LA TRIBUNE - Pourquoi êtes-vous surpris sur l'issue de cette réforme du label ISR ?
PHILIPPE ZAOUATI - C'est en effet très inattendu comme nouvelle. Tous les échos que nous avions ces dernières semaines nous ont laissé croire à un recul de la part de Bercy. Le ministère suit finalement les recommandations des acteurs de la Place comme Mirova et Reclaim Finance, en le rendant plus exigeant. Il faut le souligner ici, c'est une vraie décision politique.
Le message est extrêmement clair : pas de finance durable si on continue à investir dans des exploitations pétrolières.
On voit en ce moment certains décideurs politiques aux Etats-Unis qui dénigrent, voire interdisent des fonds ESG sur leur territoire. En étant plus exigeante avec ce label, la France donne un autre message politique, c'est une excellente chose.
Quelles conséquences avec cette nouvelle version du label ISR ?
En excluant les fonds qui possèdent des portefeuilles d'investissement liés aux hydrocarbures, cela aura un impact très fort sur le périmètre des fonds labellisés. Certains vont se retirer, d'autres vont peut-être modifier leur stratégie. Il y aura, certes, moins de fonds dans ce label avec cette réforme. Mais grâce à cela, en étant plus exigeant, le label ISR gagne en force. Un label que tout le monde obtient facilement ne sert pas à grand-chose.
Quels points de progression pour le label ISR, malgré cette réforme ?

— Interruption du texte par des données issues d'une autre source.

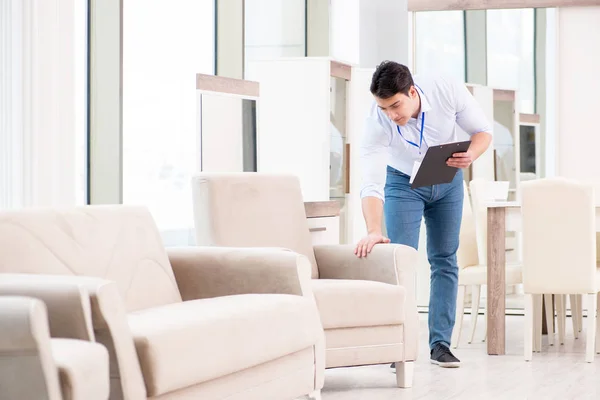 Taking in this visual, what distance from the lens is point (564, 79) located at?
652cm

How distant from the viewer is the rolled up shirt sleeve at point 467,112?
4.17 meters

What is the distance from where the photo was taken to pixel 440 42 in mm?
6703

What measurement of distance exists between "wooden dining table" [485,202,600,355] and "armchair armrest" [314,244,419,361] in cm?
103

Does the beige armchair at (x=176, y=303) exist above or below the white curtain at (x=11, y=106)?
below

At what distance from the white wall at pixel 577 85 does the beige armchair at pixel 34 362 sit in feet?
16.4

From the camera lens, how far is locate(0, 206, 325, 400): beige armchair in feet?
7.65

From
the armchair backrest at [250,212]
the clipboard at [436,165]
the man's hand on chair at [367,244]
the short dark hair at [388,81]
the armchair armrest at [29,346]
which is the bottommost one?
the armchair armrest at [29,346]

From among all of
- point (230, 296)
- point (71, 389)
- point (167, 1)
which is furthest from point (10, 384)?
point (167, 1)

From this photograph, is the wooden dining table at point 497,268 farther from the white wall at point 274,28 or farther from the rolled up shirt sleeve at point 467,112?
the white wall at point 274,28

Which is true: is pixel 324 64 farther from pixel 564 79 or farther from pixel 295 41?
pixel 564 79

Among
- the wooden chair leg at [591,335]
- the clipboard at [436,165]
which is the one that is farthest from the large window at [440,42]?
the clipboard at [436,165]

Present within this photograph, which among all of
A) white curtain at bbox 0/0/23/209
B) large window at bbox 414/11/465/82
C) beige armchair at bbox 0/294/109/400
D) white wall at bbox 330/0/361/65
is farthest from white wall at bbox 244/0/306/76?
beige armchair at bbox 0/294/109/400

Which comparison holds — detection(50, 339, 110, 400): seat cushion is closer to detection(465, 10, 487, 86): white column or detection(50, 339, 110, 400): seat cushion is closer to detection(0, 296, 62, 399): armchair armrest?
detection(0, 296, 62, 399): armchair armrest

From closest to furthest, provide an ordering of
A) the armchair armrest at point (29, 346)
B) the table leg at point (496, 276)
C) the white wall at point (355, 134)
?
the armchair armrest at point (29, 346) → the table leg at point (496, 276) → the white wall at point (355, 134) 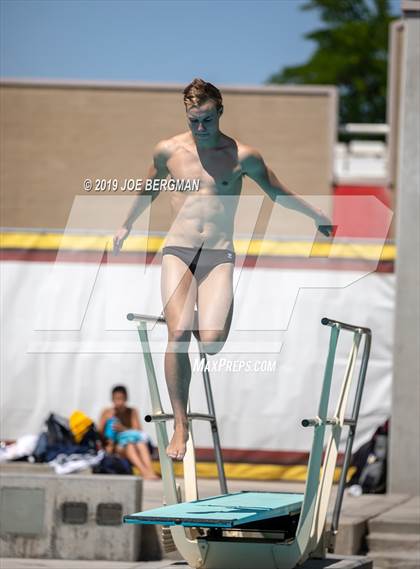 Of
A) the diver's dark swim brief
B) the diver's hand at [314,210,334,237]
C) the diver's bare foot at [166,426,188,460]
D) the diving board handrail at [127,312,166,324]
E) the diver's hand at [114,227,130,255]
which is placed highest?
the diver's hand at [314,210,334,237]

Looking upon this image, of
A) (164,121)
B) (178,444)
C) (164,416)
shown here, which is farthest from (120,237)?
(164,121)

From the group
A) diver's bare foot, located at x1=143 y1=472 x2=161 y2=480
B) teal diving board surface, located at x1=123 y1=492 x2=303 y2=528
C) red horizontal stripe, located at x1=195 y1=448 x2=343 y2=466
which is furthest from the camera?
red horizontal stripe, located at x1=195 y1=448 x2=343 y2=466

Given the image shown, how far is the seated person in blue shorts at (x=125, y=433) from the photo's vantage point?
9988 millimetres

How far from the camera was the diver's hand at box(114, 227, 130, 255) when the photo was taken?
4.77 metres

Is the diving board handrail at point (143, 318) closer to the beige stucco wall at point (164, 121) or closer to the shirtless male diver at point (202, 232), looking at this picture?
the shirtless male diver at point (202, 232)

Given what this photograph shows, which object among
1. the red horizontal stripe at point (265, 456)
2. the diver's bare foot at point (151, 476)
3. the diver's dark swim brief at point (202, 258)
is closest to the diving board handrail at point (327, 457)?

Encore aujourd'hui, ce n'est pas un label qui met en avant des fonds finançant des acteurs économiques à impact, c'est-à-dire qui agissent concrètement en faveur de solutions environnementales et sociales. L'approche actuelle consiste à labelliser dans une approche « best in class ». C'est-à-dire des fonds dont les actifs sont les mieux notés en matière ESG, mais qui ne financent pas forcément des solutions sur le terrain et qui n'excluent pas certains actifs nocifs pour l'environnement.
C'est l'approche d'il y a dix ans car c'était le début de la finance durable, mais aujourd'hui, il faut aller plus loin. Il faut également que les labels se parlent un peu plus entre eux. En France, il y a trois labels principaux, Greenfin, Finansol et le label ISR. La relation entre tous est peu travaillée et cela crée de la confusion dans le grand public. On a besoin de clarification pour que les épargnants puissent faire leur choix plus facilement.